For garments, they wear an innermost 'sindon, a sort of long shirt stretching to the knees. Over this is the tunic, ankle-length with slit skirt for facility in walking. A band of cloth at the waist gives the garment pleasing lines, and its appearance is helped even more by the striped reds and browns that are favourite colours.

Joseph wears a two-forked beard. Both Joseph and the boy Jesus have two long locks of hair, ringlets framing their faces on each side, to agree with the contemporary custom. Mary's hair is made up in tresses.

They are eating their evening meal as we observe them. No silverware, not even wooden spoons are on the table. With their fingers they delicately sample the boiled mutton with its pottage seasoned with mint. Joseph hands Jesus and Mary cucumbers or pomegranates or clusters of raisins-all favourite dishes. They have two beverages available, goats' milk and wine, kept in goatskin 'bottles-actually, sewed skins-from which the drinks are poured.

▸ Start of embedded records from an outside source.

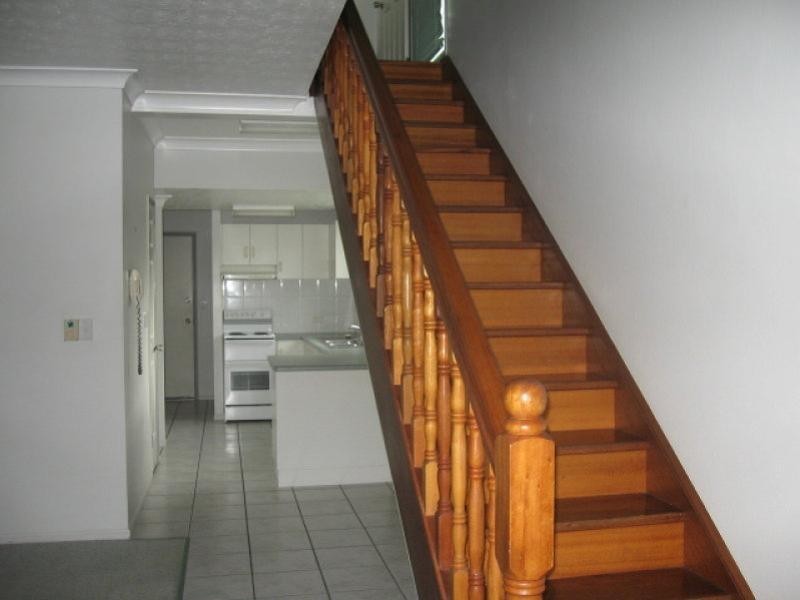 2/5 Mulligan Street, Mundingburra QLD 4812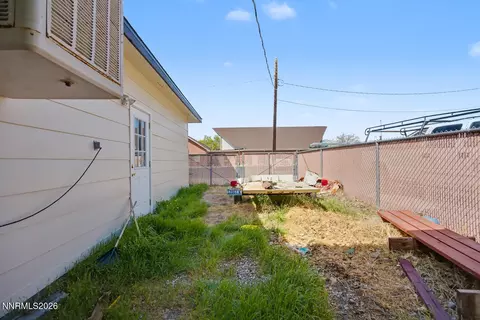 Exterior - 800 W 5th St, Fallon, NV 89406 photo 4 of 4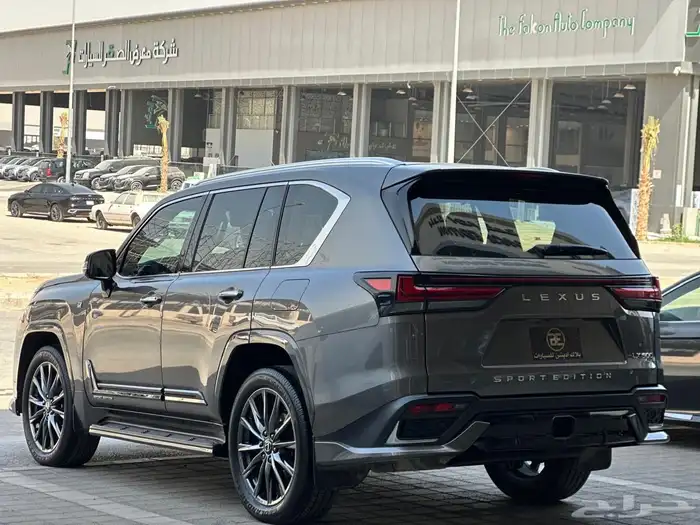 لكزس 2024 LX600.اف سبورت 5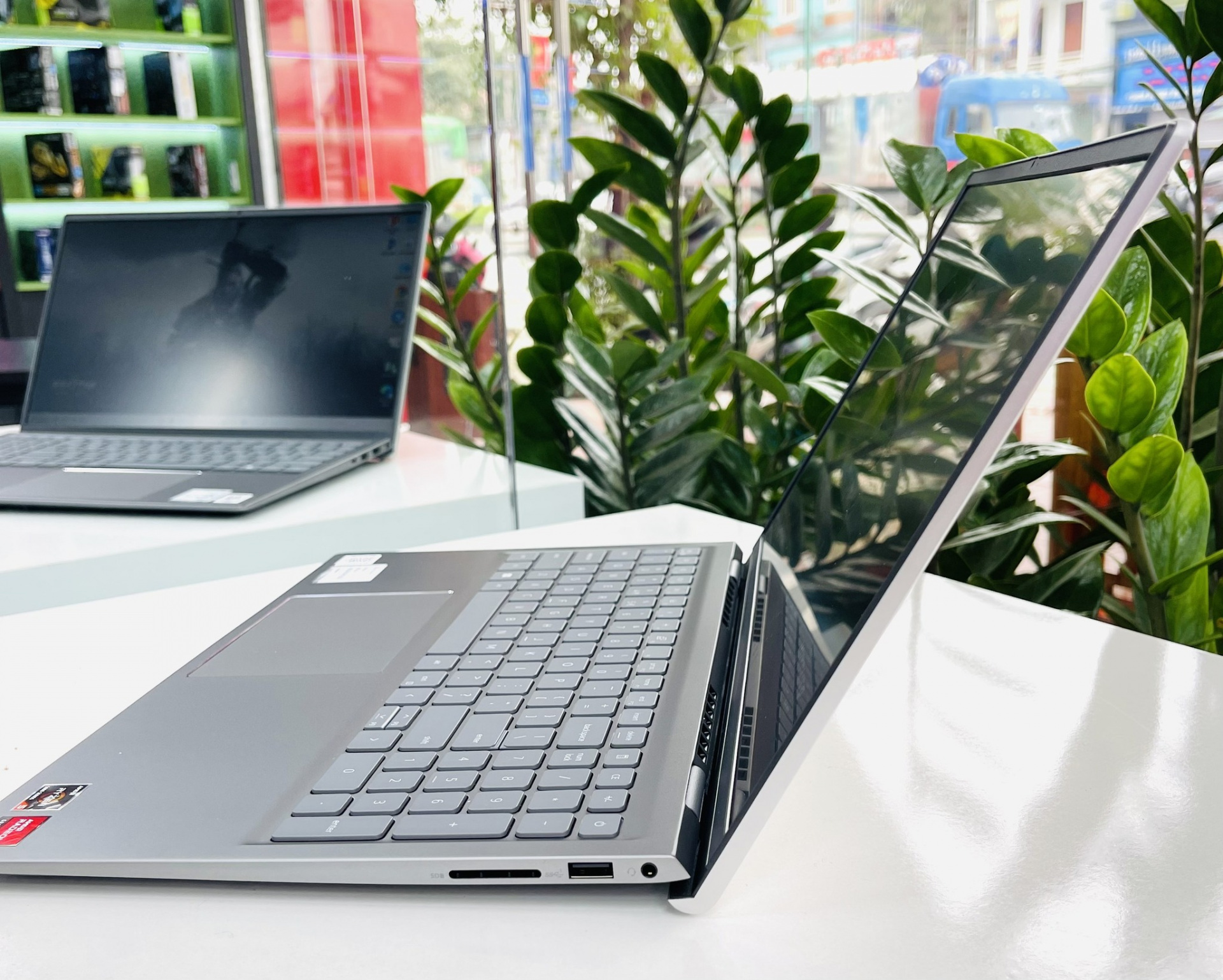 Laptop cũ là những sản phẩm như thế nào?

Their house looks so poorly furnished, but for the times it represents the living quarters of a middle-class village artisan. Of stone block, with the outer room extending back into the hill as a cave, it is low, perhaps windowless, getting its light through the open doorway or from the flickering lamp whose wick rests in a saucer of olive oil. There is little furniture to be seen, except for the gaily-coloured mats folded along the wall. These will later be spread on the floor as night approaches, for beds as we know them are not the custom here.

The Three are barefoot, because they are at home. Their sandals are placed side by side at the doorway, ready for use outside the house . . .

What a picture to our Western eyes of the twentieth century! Yet this is the picture we get of the Holy Family, if we look at them as citizens of a Palestinian hamlet almost two thousand years ago. These were the customs of their times. The Gospels intimate how closely they followed those customs.

But one of the original objections to the imitability of the Holy Family still remains. How can Joseph and Mary be models for the Christian married couple who make use of their married rights according to the holy family vocation God has given them? How can the virginal marriage of Joseph and Mary be an ideal for Christian marriages in which the virtue of chastity is practised in a different way?

I think, by way of introduction, that we should first be certain we understand what is meant by copying a model or an ideal. No person is the same as any other. The same ideals can motivate them, but because of different personalities, different circumstances in their lives, and different vocations, they simply cannot practise an imitation that is reduced to aping a model in every detail.

In other words, no one can imitate anyone else exactly. All that can be done is to applyto one's own particular life the motivation and the actions of one's ideal. If application can be made, then an exemplar truly exists. If application cannot be made, then you have chosen for yourself an impossible model.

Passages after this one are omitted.